The central message of the play is about how we limit ourselves as individuals, and especially as members of cultural and ethnic groups. White men can’t jump, and blacks don’t bowl, right? How many times a day do you hear someone say “that’s just not me”? At one point, a character asks the seemingly absurd question, “What would you look like if you weren’t black?” What he really means is, are there things you’d like to do that you aren’t doing because they don’t fit your “image”? It’s a good question for all of us.

In the play, Frank (Matthew Kabwe) is the executive director of the fictitious Montreal Black Association. Frank goes ballistic when two black artists (Quincy Armorer and Tamara Brown) put on an exhibition that he thinks reinforces stereotypes. Frank wants the Conseil des Arts, which sponsored the show, to shut it down. Playing a character who veers off in a lot of directions in the course of the play, Kabwe never allows Frank to become ridiculous. His performance anchors the production.

Omari Newton plays Pinto, who is working for Frank as a summer intern, but who also performs a pretty decent stand-up comedy act. Pinto’s monologues allow the playwright to interrupt the flow of action and address the audience directly. I have no problem with that. What I do have a problem with is when the actors are supposedly having conversations but still sound like they’re making speeches. This is especially prevalent in the first half as the playwright introduces us to his contrasting “types.”

Director Nigel Shawn Williams works hard to insert action into a didactic text, with scant success. Debating the whole time, two characters get ready to shoot hoops—they do a little blocking, a little dribbling, but the scene ends without a single shot being taken on the basket that has been dutifully placed on the set (beautiful blow-ups of Montreal row-housing by Ana Cappelluto). The whole basketball thing ends up feeling stagey as hell.

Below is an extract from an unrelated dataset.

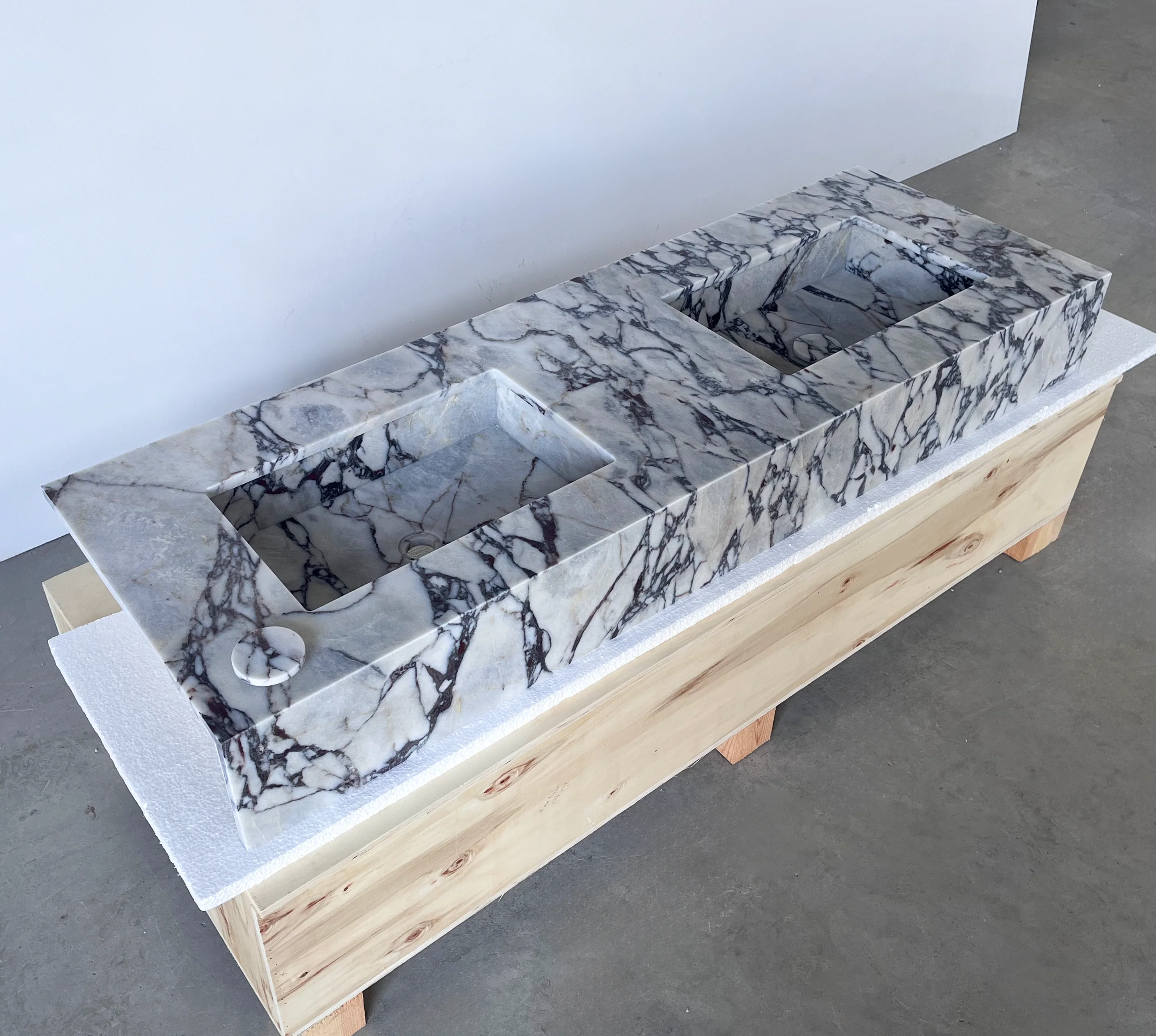 HANDCRAFTED CUSTOM CALACATTA VIOLA MARBLE SINK (NS-160) - Image 7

I would feel more optimistic about Blacks Don’t Bowl if I didn’t know that it had already been extensively workshopped and dramaturged over the last five years. Hopefully Haynes will learn a lot from seeing this full production and come back with a re-write in which events happen more organically and characters speak more like people speaking.

CanCon king cometh

Louis Negin’s career as an actor encompasses classic CBC TV shows like Seeing Things and The Littlest Hobo, all the way back to King of Kensington, as well as the films of Guy Maddin and the Stratford stage. Now, the actor who has portrayed gay icons Truman Capote (in Tru) and Noel Coward on stage, is bringing his one-man musical show Polo’s Fantasy to Montreal. Playwrights Workshop Montreal presents a staged reading, featuring Negin and Nick Carpenter on piano, on Sunday, April 2, at the MainLine Theatre (3997 St-Laurent). Like MainLine’s own Johnny Canuck and the Last Burlesque, Negin’s show is fascinated with a bygone Montreal, in this case the “gangster-ridden nightclub world” of the 1950s. The reading is at 8 p.m.. Donations gratefully accepted.

Also at MainLine, Patrick Goddard launches episode two of his fantasy novel, The Secret Roses, Monday, April 3, at 8 p.m., with special guest Catherine Kidd. Admission is $5.